Nelson Mail

Bridges slates UN migration pact

- Collette Devlin

New Zealand doesn’t need the United Nations telling it what to do, the Opposition says.

National Party leader Simon Bridges said if his party was in government, it would pull out of the UN’s Global Compact on Migration because of its potential to restrict New Zealand’s ability to set its own migration and foreign policy. He said he expected Foreign Affairs Minister Winston Peters would take the same stance, and called on the Government to outline its position on the intergover­nmental negotiated agreement.

The Government does not yet have a fixed position and Immigratio­n Minister Iain Lees-Galloway and Peters were currently deliberati­ng on whether to sign up to the compact. Both have been contacted for comment.

A number of countries had pulled out of the agreement because of the potential impact on the decision-making of individual countries, Bridges said.

A government announceme­nt was expected soon but Bridges said it was important to know before December 10, when the agreement would be signed in Marrakesh. Thousands of people had got in contact with the party to express concern, he said.
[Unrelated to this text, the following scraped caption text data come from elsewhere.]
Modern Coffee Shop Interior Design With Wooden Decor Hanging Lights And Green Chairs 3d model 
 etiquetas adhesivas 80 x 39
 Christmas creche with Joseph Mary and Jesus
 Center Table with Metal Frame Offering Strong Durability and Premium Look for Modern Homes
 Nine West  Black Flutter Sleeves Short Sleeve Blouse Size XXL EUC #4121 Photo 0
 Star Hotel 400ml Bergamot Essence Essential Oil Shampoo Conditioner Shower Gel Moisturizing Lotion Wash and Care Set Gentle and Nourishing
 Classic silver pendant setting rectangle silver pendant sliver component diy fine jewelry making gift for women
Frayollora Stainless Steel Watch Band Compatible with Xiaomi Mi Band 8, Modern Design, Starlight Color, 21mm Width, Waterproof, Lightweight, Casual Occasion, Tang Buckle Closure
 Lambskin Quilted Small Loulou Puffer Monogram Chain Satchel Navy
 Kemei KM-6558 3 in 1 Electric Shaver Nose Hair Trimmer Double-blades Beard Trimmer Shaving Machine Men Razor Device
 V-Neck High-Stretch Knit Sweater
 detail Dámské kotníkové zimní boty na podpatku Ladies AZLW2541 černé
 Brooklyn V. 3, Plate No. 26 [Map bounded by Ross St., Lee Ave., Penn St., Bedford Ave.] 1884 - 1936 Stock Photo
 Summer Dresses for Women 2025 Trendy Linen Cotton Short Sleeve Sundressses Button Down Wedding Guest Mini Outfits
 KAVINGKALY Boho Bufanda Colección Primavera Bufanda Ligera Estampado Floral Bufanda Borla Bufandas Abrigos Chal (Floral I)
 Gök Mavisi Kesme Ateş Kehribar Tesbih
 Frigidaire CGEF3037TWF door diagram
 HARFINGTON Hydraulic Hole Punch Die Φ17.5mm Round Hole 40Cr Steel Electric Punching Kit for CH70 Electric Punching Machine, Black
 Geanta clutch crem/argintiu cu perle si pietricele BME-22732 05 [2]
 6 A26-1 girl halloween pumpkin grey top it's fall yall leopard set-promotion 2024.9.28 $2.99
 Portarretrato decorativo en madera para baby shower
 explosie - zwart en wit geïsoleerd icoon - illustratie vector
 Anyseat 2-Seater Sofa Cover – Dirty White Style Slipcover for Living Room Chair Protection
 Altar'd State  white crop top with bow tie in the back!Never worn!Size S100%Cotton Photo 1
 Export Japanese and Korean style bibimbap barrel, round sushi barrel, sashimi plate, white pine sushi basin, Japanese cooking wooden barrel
National was supportive of global action on major issues and of migration into New Zealand, and it supported the ability for New Zealanders to travel, live and work overseas should they choose.

‘‘But immigratio­n policy is solely a matter for individual countries and must take account of their individual circumstan­ces . . . there is no automatic right to migrate to another country without that country’s full agreement.’’

This was a view which the agreement sought to counter, he said. He believed the compact could restrict the ability of future government­s to set immigratio­n and foreign policy, and to decide on which migrants are welcome and which aren’t.